Okay, well like already recommended you can put her old enclosure in to the new one, until she comes out then remove the old one.

If this is impossible, I recommend the bag method, this is a method I have used successfully to rehouse fast and feisty spiders. Put the enclosure into the bathtub (close drains! And block openings of the tubs), put a clear plastic bag over the enclosure, poke a hole in the bag just big enough for your tongs orr whatever you use to coax the spider, for it to fit through.. you can lay down the enclosure on its side, just remove decor and water bowls, don't worry too much about the substrate, but if you can remove some it would help. Then coax the spider into the bag. (remember they can still run out of the bag so secure it carefully as soon as she's inside. They can also bite through the bag so watch your fingers).

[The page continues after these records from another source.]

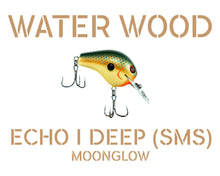 Load image into Gallery viewer, Water Wood Echo 1 Deep (E1D) Crankbait Pro Packaging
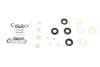 Ремкомплект форсунки Citroen Berlingo 1.6 HDi 05-11 Gazo GZ-A1875 (фото 1)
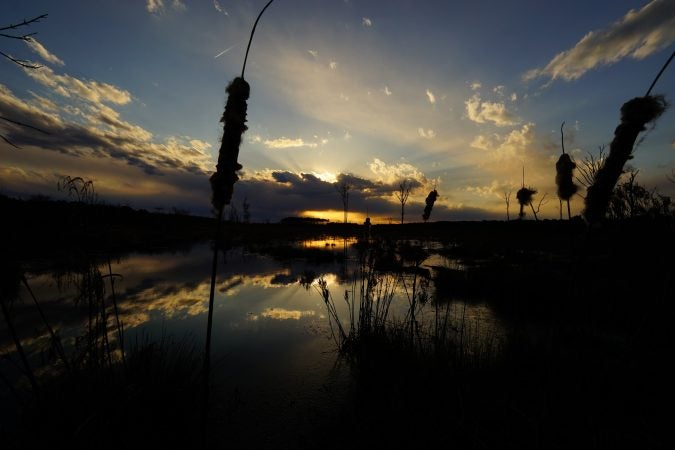 (Andrew Martin/ Delaware Wild Lands)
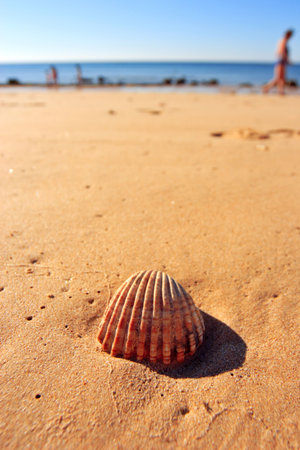 seashell on a beach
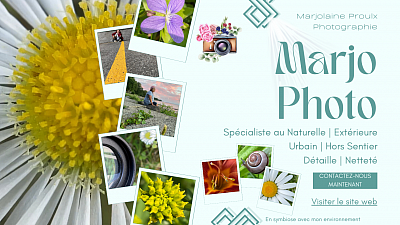 MarjoPhoto
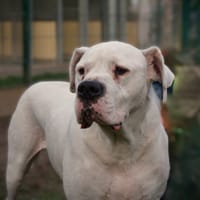 Ramsès, chien à adopter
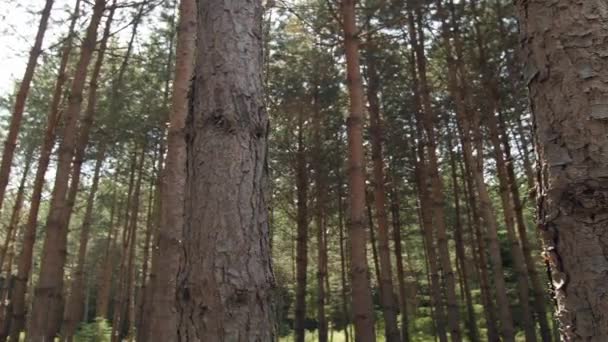 Thick pine forest in the rays of the summer sun, tree trunks, clean and fresh forest air — Stock Video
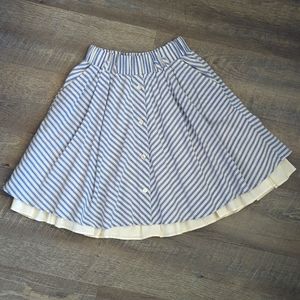 ZARA A-Line Skirt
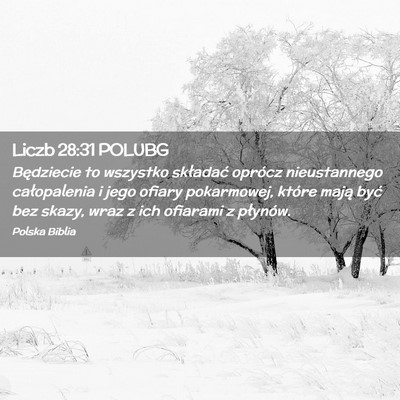 Picture 02 - Liczb 28:31 POLUBG - Będziecie to wszystko składać oprócz - Bible Verse Picture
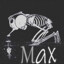 Max_x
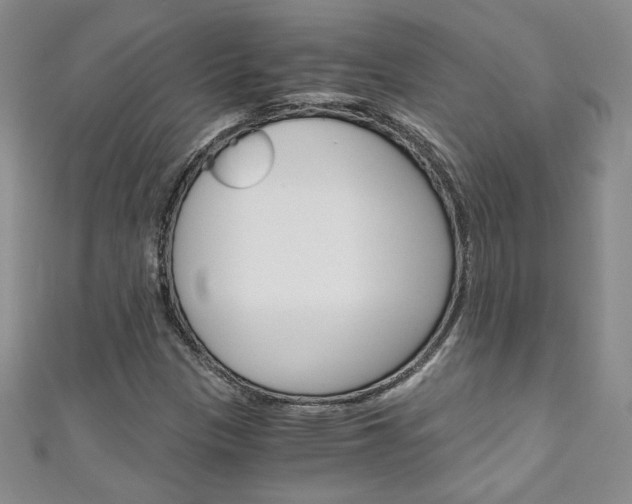 X0000111151305200906301029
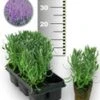 Blauwe Lavendel 25 Stuks 1 Blauwe Lavendel 25 Stuks -Planten Verkoopwinkel 8989025894430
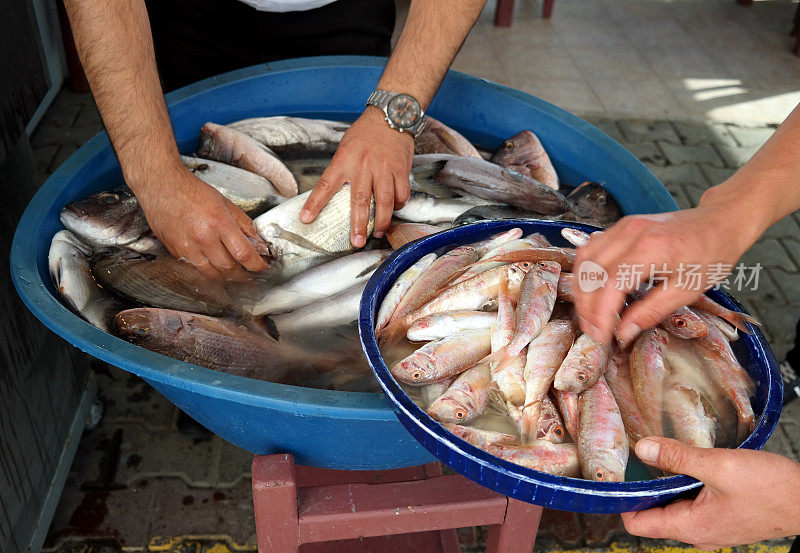 鱼类市场的鱼类选择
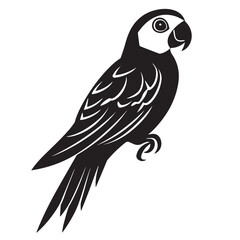 Fototapeta premium Parrot in cartoon, doodle style . Image for t-shirt, web, mobile apps and ui. Isolated 2d vector illustration in logo, icon, sketch style, Eps 10, black and white. AI Generative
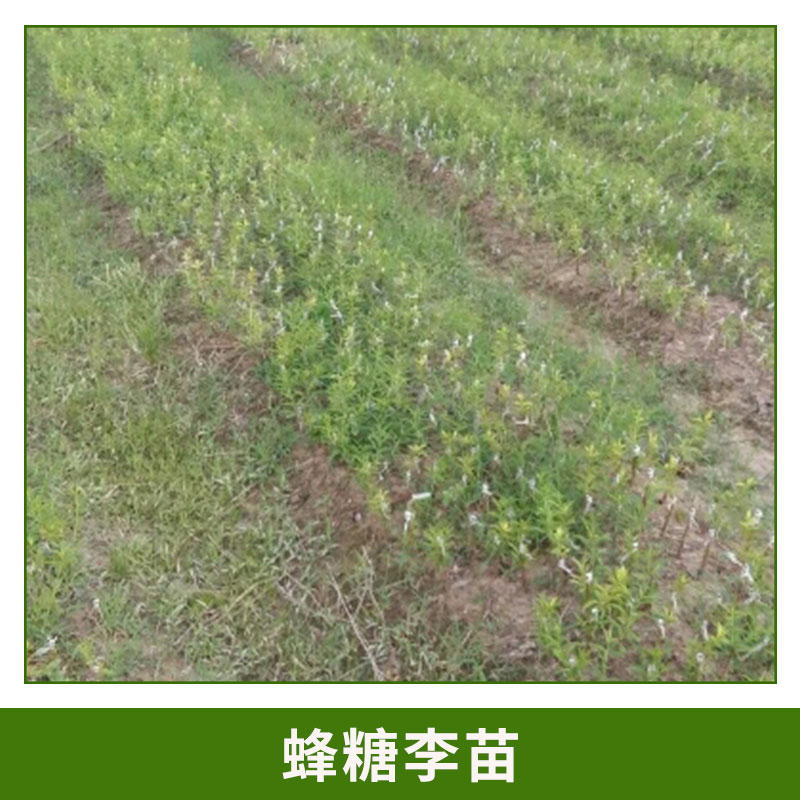 蜂糖李苗批發(fā) 形狀飽滿蜂糖李樹 蜂糖李果子 肉質(zhì)細(xì)清脆爽口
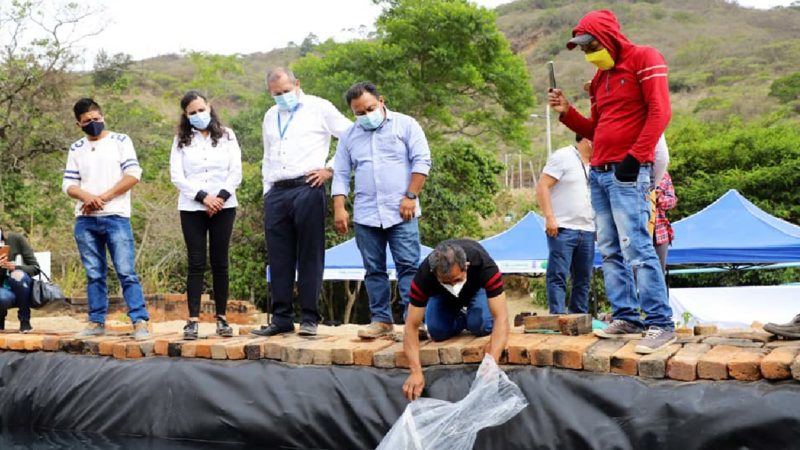 Productores de Paltas reciben alevines de tilapia
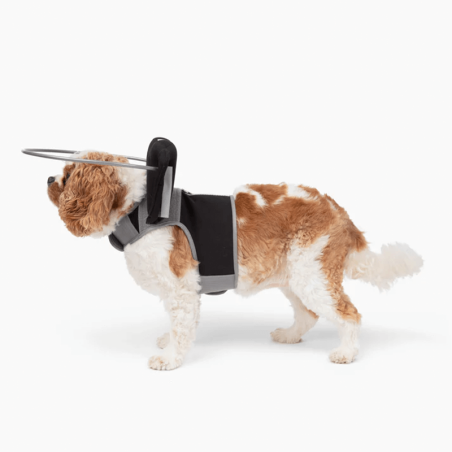 protection pour chien malvoyant ou aveugle muffin's Halo, guide harnais anti-collision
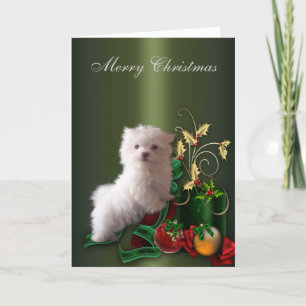 Maltese puppy hond Kerstmis Feestdagen Kaart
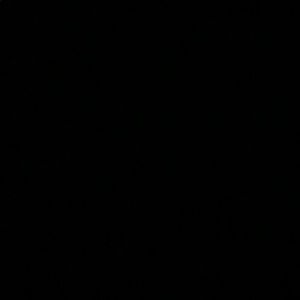 Meet your Posher, Wesley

I always use the bag method, easier and safer, so I hope it helps and works wonders if you decide to use it.

I also heard of some placing a towel nearby when rehousing, if the T does escape it may run and seek cover under the towel, never tried this myself tough but sounds very usefull. 

---------- Post added 04-01-2015 at 08:58 AM ----------




pyro fiend said:


> personally i think them not having a hide is the main reason they do it once my psalms all web in they dont move from their hide period wiel the lids open unless i place a worm in a funny spot.. but i ofcourse still practice my tote method just incase. rather have it as a habit then need it and not have it


+1, give them some form of cover, they usually stay put out of sight and their hide/web is the first place they run to when there is a disturbance. Its easier to deal with them when they are out of sight, also, fake plants helps, they use them for anchor points, they make stunning dirt webs.


----------



## pyro fiend (Apr 1, 2015)

lalberts9310 said:


> +1, give them some form of cover, they usually stay put out of sight and their hide/web is the first place they run to when there is a disturbance. Its easier to deal with them when they are out of sight, also, fake plants helps, they use them for anchor points, they make stunning dirt webs.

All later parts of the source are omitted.